Na meer dan twintig jaar fascistische dictatuur die het land op de rand van de afgrond heeft gebracht, voelt de bevrijding in 1945 als een immense opluchting en het antifascisme zet de toon in Italië. Maar de oorlog en een burgeroorlog- in-de- oorlog hebben grote delen van Italiaanse steden in puin gelegd en hun bewoners in een soort overlevingsmodus gedwongen. Geen film schetst de armoede in het naoorlogse Rome treffender dan Ladri di Biciclette (Fietsdieven, 1948) van Vittorio de Sica. De Romeinen proberen te overleven tussen het puin in een klimaat van werkloosheid en armoede. Antonio Ricci's fiets wordt gestolen, maar hij heeft er een nodig om zijn job van posterplakker te kunnen blijven uitoefenen. Hij probeert er zelf een te stelen, maar dat mislukt en hij tuimelt van de ene mislukking en vernedering in de andere. Dat belet zijn zoon niet om achter zijn vader te blijven staan. 

 

Ladri di Biciclette, Vittorio de Sica

De fietsendief staat model voor het Italiaanse neorealisme dat de rauwe werkelijkheid toont met amateurs die acteren en locaties uit de werkelijke wereld. Auteurs als De Sica en Rosselini zetten zich af tegen de glamour en droomwereld van Hollywood.   Eveneens in die stijl draait Pier Paolo Pasolini zijn eerste films, die zich ook in het naoorlogse Rome afspelen. Maar Pasolini is nog meer uitgesproken in zijn verzet tegen kerk, burgerij en hypocriete normen van fatsoen. Hij wordt marxist en is in de ban van Antonio Gramsci's theorie over hoe de machthebbers cultuur gebruiken om niet alleen politiek, maar ook intellectueel en moreel het leiderschap op te eisen.

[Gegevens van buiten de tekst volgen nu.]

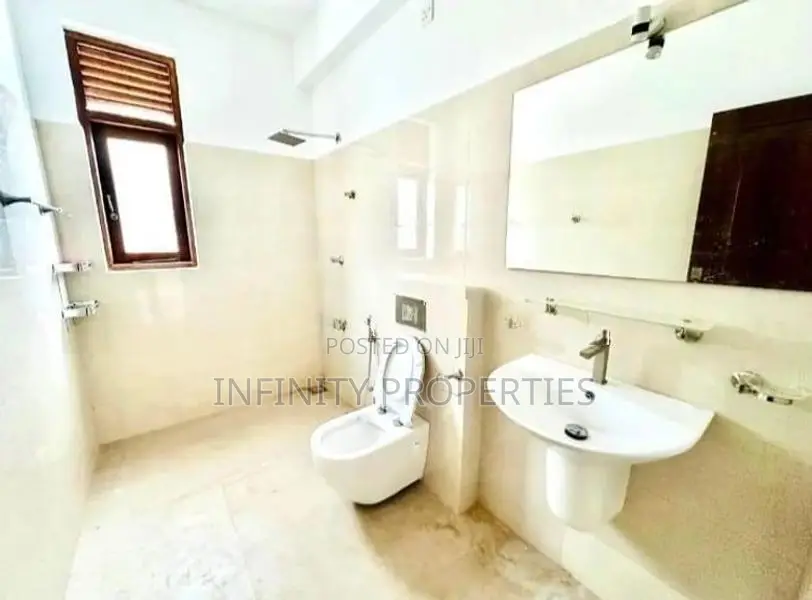 (AFA775) 02 Story House With 7.5 P Sale At Madiwela Kotte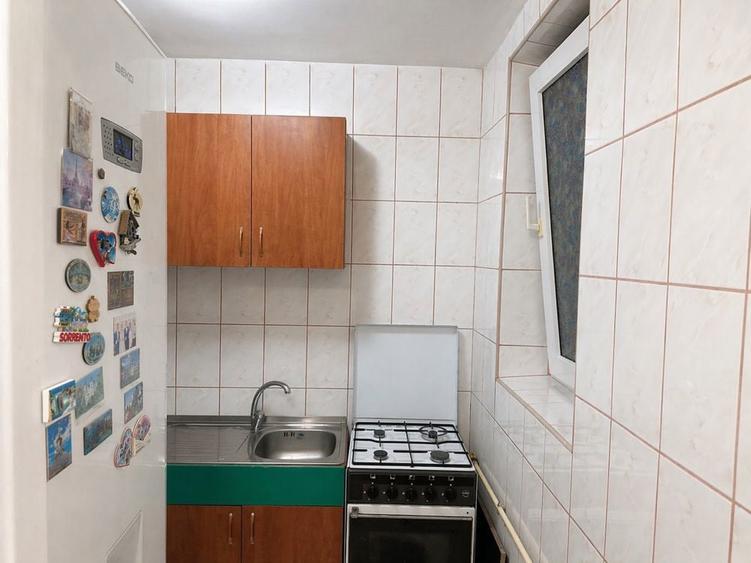 Inchiriez apartament 2 camere BERCENI, zona Huedin - 2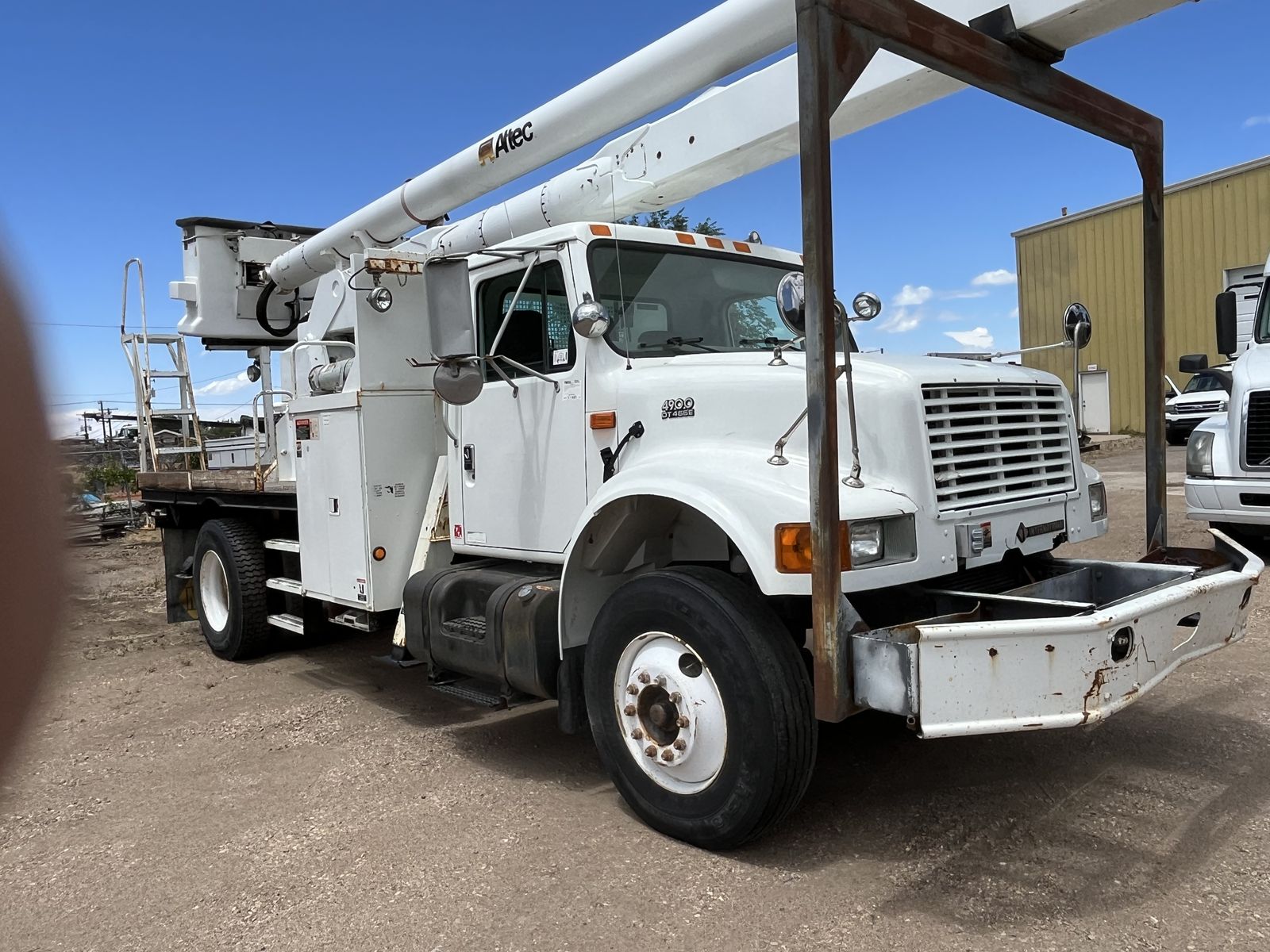 2000 International 4900 DT 466 Bucket Truck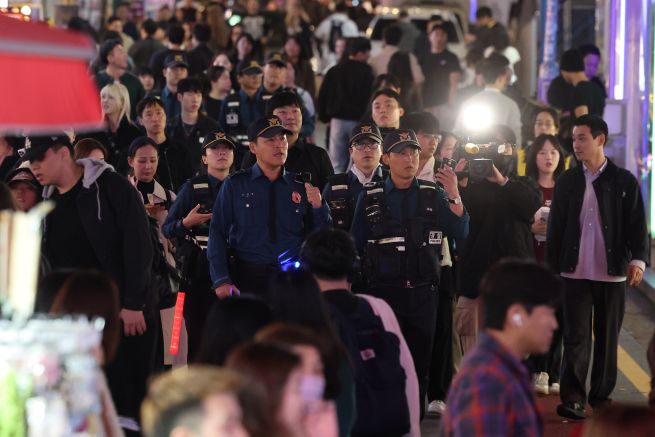 On October 26 last year, ahead of the second anniversary of the October 29 Itaewon disaster, the police mobile patrol unit conducted a Halloween crowd-control patrol in the Hongdae area of Mapo District, Seoul.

Hij wordt lid van de PCI, de communistische partij.  Maar Pasolini is ook openlijk homoseksueel. In de jaren vijftig is dat niet evident en dat hij valt op adolescenten is dat nog veel minder. Wanneer hij een veroordeling oploopt voor verleiding van een minderjarige in een school in Friuli, waar hij toen woonde, maakt dat meteen een abrupt eind aan zijn loopbaan als leraar. Hij mag niet langer lesgeven en wordt zelfs uit de communistische partij gezet, waarop hij samen met zijn moeder naar Rome trekt.

Pier Paolo is in Rome gefascineerd door de slecht opgevoede adolescenten,  die leven van kruimeldiefstal en kleine misdaad in de arme buitenwijken. In juli 1955 publiceert hij de roman ‘Ragazzi di Vita’, over dit soort Romeinse jonge mannen die overleven met diefstal, afpersing en zelfs prostitutie en onvermijdelijk in de gevangenis belanden. De roman speelt zich af in een omgeving van sociale verloedering  waar scholen niet functioneren en ‘Romanaccio’ wordt gesproken, het dialect van de Romeinse banlieue. Het is een schandaalroman, waarvoor hij vanwege ‘obsceniteiten’ voor de rechtbank wordt gedaagd.

Zijn moeizame zoektocht naar een inkomen na zijn 'berufsverbot' neemt een nieuwe wending wanneer hij een job krijgt in Cinecittà, het bloeiende ‘Romeinse Hollywood’ van die tijd, en hij uiteindelijk mag meeschrijven aan een filmscenario voor Federico Fellini.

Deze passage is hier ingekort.